Aside from everything AI, there is no market more interesting than China at the moment. A wild ride started at this time last year that’s seen share prices rise 50%.

The game changer was last October when Beijing sent signals that it wanted stock markets to go up. That was combined with an exhaustion in the housing slump and hopes for more stimulus. The latter hasn’t exactly been a bazooka but there has been some slight progress.

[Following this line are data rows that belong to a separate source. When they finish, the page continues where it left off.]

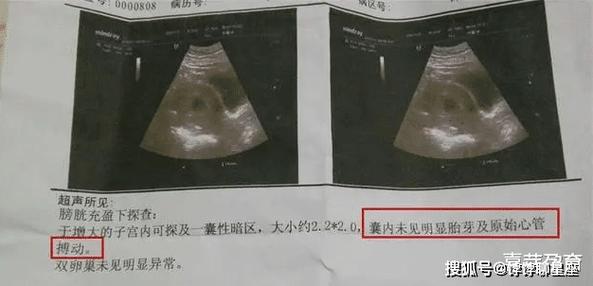 怀孕半个月打掉安全吗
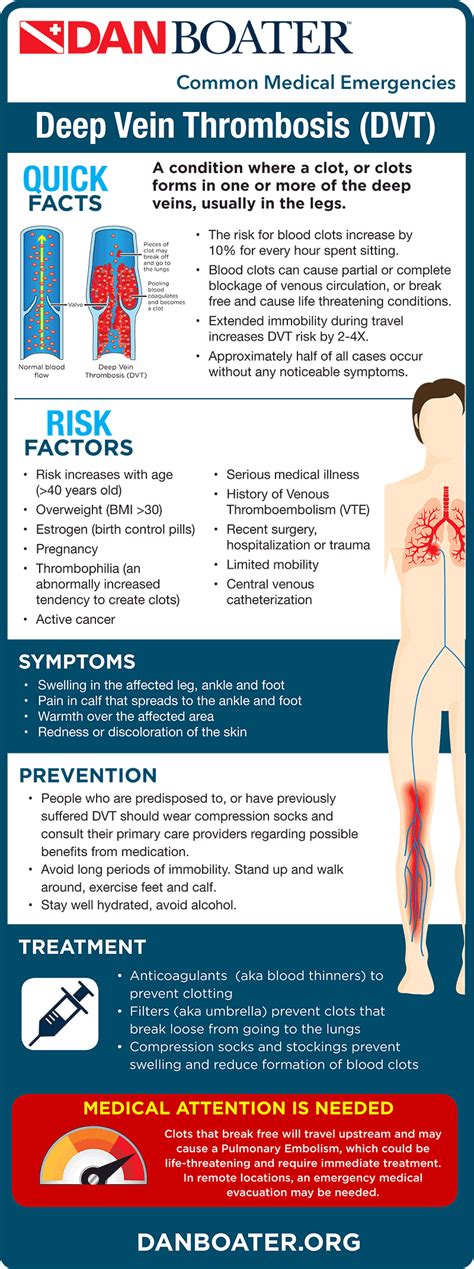 Important Facts About Deep Vein Thrombosis For Travelers, 57% OFF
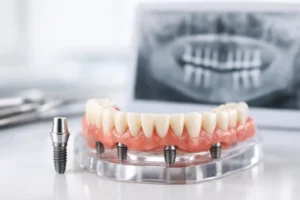 Guide to Full Arch Implants for Lasting Teeth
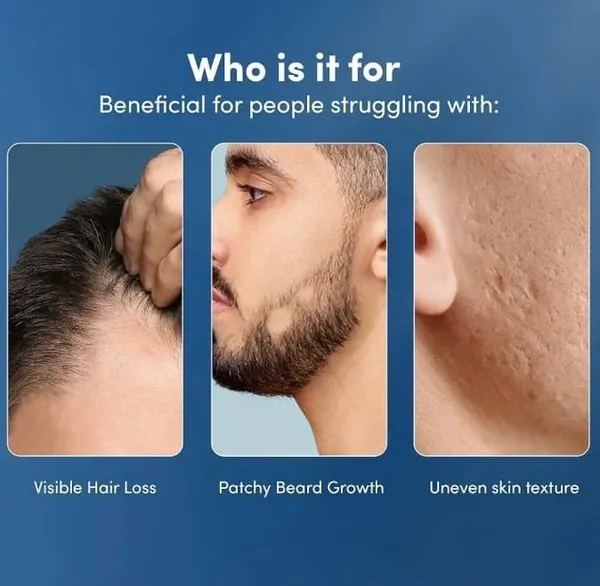 Black_Polyester_Premium_Hair_Growth_And_Reduces_Acne_Scars_For_Hair_Growth,_Reduces_Acne_&_Scars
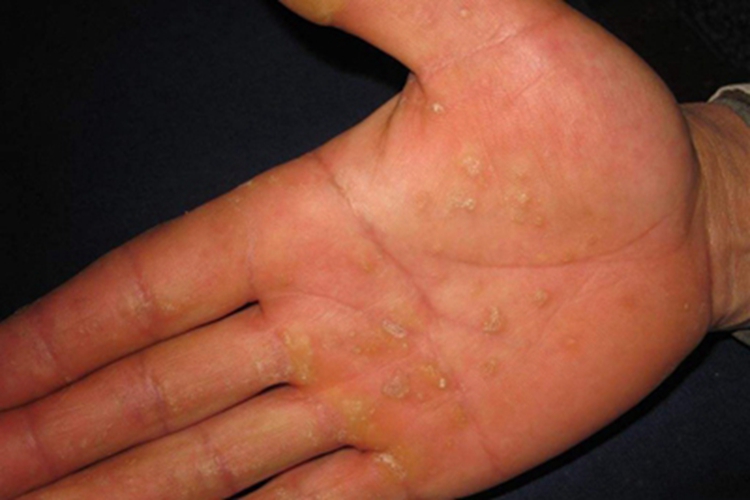 点状掌跖角化病手掌疙瘩图 点状掌跖角化病手掌疙瘩图
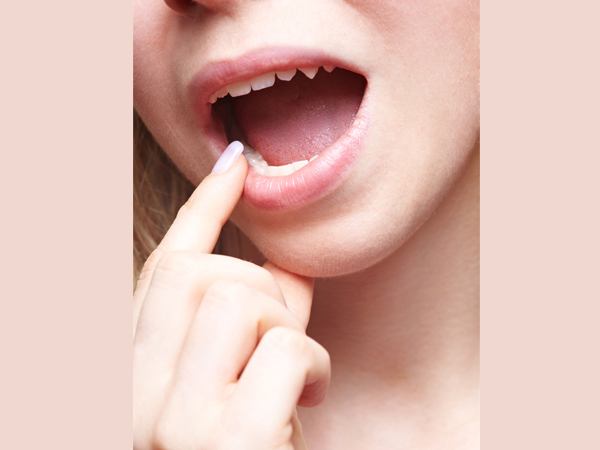 side effects of drinking diet soda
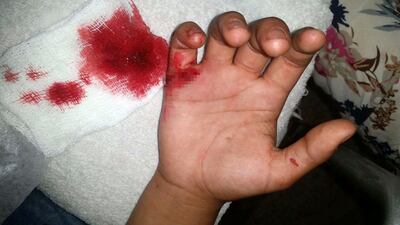 /pf/resources/images/abc-placeholder.png?d=2395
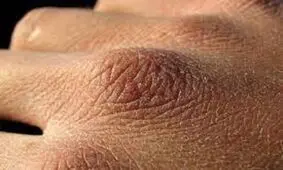 اجتناب از درمان های خانگی برای خشکی پوست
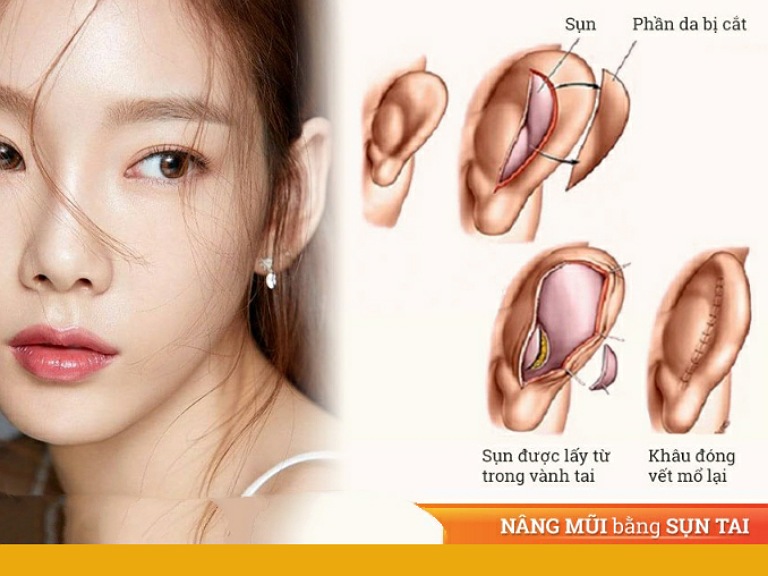 Sụn tai tự thân trong nâng mũi Golden Line Basic
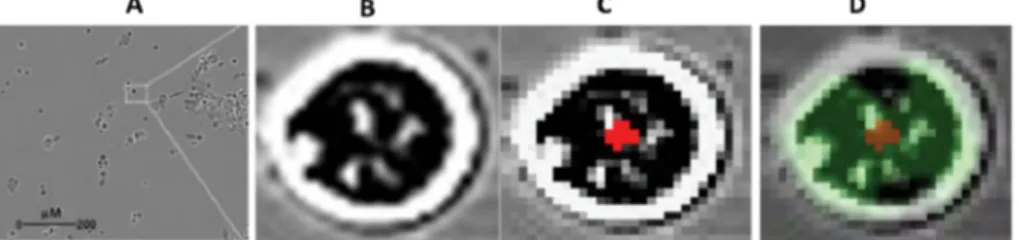 Figure 4. Detection of apoptotic cells from phase contrast images obtained from  HCT116 cells exposed to Mitomycin (10 µM) at time point 20 h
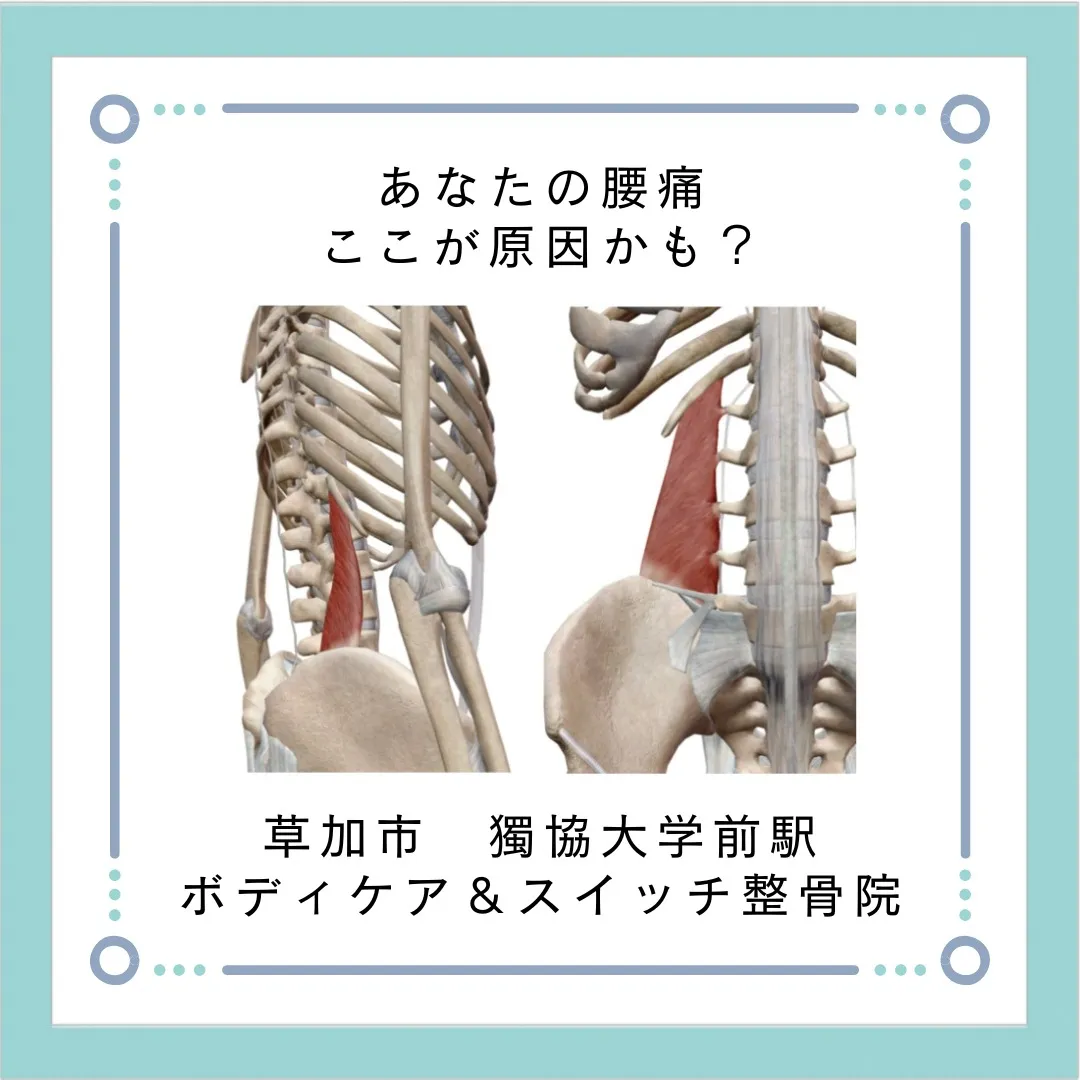 あなたの腰痛ここが原因かも？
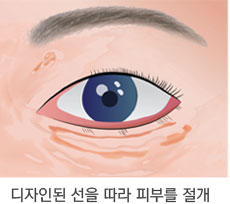 눈밑 지방이 불룩하고 피부가 처진 경우 2단계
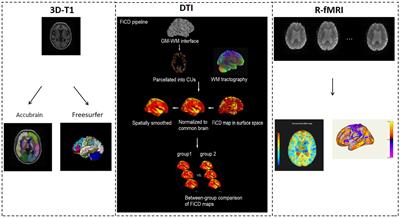 Neuroimaging anomalies in asymptomatic middle cerebral artery steno-occlusive disease with normal-appearing white matter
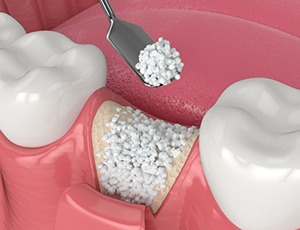 Illustration of granular bone graft at site of missing tooth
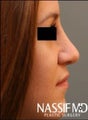 Female Primary Rhinoplasty 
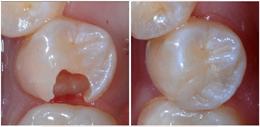White Fillings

More interesting is the stock market and I get the sense that Beijing has seen the scale of capital markets investment in US artificial intelligence and is jealous. The problem with Chinese capitalism is really the opposite of a problem, at least in the textbook. What’s happened is that Chinese companies have competed too hard. It’s been great for consumers but it’s led to overcapacity and razor thin margins in many industries. The best recent example is in autos where Chinese companies have been cranking out cars at impossibly thin margins.

That may change, and it would be a gamechanger for corporate earnings. Earlier this month, President Xi published in Qiushi magazine and said there was a “focus on rectifying disorderly low-price competition among enterprises.”

That’s coded language for ‘stop the price wars’ and the market has slowly picked up on it.

In China, it’s called “involution” (or neijuan) and there is now a concerted effort to stem it, something that came from a set of meetings in July. It’s no surprise that the Shanghai Composite began a breakout then.

Shanghai Composite daily

The bigger message from China can be boiled down to: We want companies to make money again and our stock markets to go up.

At some point, Beijing may crack down again but in the meantime, why fight it?